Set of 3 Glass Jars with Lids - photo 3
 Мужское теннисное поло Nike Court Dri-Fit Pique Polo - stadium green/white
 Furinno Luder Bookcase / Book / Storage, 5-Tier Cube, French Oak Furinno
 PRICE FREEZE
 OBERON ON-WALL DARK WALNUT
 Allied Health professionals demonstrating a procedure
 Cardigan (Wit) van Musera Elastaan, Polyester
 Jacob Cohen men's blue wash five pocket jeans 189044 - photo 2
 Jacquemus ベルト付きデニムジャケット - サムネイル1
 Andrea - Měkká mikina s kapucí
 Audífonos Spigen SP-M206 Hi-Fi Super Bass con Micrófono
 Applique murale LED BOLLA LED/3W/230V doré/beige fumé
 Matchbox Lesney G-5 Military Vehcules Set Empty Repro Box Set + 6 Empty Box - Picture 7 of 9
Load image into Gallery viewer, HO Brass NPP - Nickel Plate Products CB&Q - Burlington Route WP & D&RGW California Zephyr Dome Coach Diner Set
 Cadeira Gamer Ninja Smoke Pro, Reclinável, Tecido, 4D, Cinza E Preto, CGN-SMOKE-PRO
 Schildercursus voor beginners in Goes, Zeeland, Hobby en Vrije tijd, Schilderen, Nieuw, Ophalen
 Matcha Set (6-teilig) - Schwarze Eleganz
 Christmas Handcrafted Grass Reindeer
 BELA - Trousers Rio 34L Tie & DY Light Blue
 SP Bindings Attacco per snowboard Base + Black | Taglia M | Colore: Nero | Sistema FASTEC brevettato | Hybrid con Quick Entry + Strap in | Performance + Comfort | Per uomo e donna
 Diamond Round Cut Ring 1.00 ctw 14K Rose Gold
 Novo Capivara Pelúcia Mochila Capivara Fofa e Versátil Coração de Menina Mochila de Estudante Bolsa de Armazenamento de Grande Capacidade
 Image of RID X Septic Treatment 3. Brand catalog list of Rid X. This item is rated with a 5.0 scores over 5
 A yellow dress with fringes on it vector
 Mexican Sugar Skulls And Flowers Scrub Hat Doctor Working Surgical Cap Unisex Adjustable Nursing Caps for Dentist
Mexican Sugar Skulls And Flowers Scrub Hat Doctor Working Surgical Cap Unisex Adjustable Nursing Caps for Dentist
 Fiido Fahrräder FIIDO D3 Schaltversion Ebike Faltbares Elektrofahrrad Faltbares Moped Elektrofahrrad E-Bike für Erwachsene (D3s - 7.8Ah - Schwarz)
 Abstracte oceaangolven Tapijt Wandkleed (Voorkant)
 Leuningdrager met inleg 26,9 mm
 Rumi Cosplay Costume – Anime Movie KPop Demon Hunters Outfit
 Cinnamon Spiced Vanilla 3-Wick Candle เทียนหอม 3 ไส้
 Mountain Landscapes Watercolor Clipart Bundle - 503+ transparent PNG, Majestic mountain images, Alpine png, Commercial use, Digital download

• [Problem statement] An unaltered copy of the listing above must form the answer.

• [Response]
Set of 3 Glass Jars with Lids - photo 3
 Мужское теннисное поло Nike Court Dri-Fit Pique Polo - stadium green/white
 Furinno Luder Bookcase / Book / Storage, 5-Tier Cube, French Oak Furinno
 PRICE FREEZE
 OBERON ON-WALL DARK WALNUT
 Allied Health professionals demonstrating a procedure
 Cardigan (Wit) van Musera Elastaan, Polyester
 Jacob Cohen men's blue wash five pocket jeans 189044 - photo 2
 Jacquemus ベルト付きデニムジャケット - サムネイル1
 Andrea - Měkká mikina s kapucí
 Audífonos Spigen SP-M206 Hi-Fi Super Bass con Micrófono
 Applique murale LED BOLLA LED/3W/230V doré/beige fumé
 Matchbox Lesney G-5 Military Vehcules Set Empty Repro Box Set + 6 Empty Box - Picture 7 of 9
Load image into Gallery viewer, HO Brass NPP - Nickel Plate Products CB&Q - Burlington Route WP & D&RGW California Zephyr Dome Coach Diner Set
 Cadeira Gamer Ninja Smoke Pro, Reclinável, Tecido, 4D, Cinza E Preto, CGN-SMOKE-PRO
 Schildercursus voor beginners in Goes, Zeeland, Hobby en Vrije tijd, Schilderen, Nieuw, Ophalen
 Matcha Set (6-teilig) - Schwarze Eleganz
 Christmas Handcrafted Grass Reindeer
 BELA - Trousers Rio 34L Tie & DY Light Blue
 SP Bindings Attacco per snowboard Base + Black | Taglia M | Colore: Nero | Sistema FASTEC brevettato | Hybrid con Quick Entry + Strap in | Performance + Comfort | Per uomo e donna
 Diamond Round Cut Ring 1.00 ctw 14K Rose Gold
 Novo Capivara Pelúcia Mochila Capivara Fofa e Versátil Coração de Menina Mochila de Estudante Bolsa de Armazenamento de Grande Capacidade
 Image of RID X Septic Treatment 3. Brand catalog list of Rid X. This item is rated with a 5.0 scores over 5
 A yellow dress with fringes on it vector
 Mexican Sugar Skulls And Flowers Scrub Hat Doctor Working Surgical Cap Unisex Adjustable Nursing Caps for Dentist
Mexican Sugar Skulls And Flowers Scrub Hat Doctor Working Surgical Cap Unisex Adjustable Nursing Caps for Dentist
 Fiido Fahrräder FIIDO D3 Schaltversion Ebike Faltbares Elektrofahrrad Faltbares Moped Elektrofahrrad E-Bike für Erwachsene (D3s - 7.8Ah - Schwarz)
 Abstracte oceaangolven Tapijt Wandkleed (Voorkant)
 Leuningdrager met inleg 26,9 mm
 Rumi Cosplay Costume – Anime Movie KPop Demon Hunters Outfit
 Cinnamon Spiced Vanilla 3-Wick Candle เทียนหอม 3 ไส้
 Mountain Landscapes Watercolor Clipart Bundle - 503+ transparent PNG, Majestic mountain images, Alpine png, Commercial use, Digital download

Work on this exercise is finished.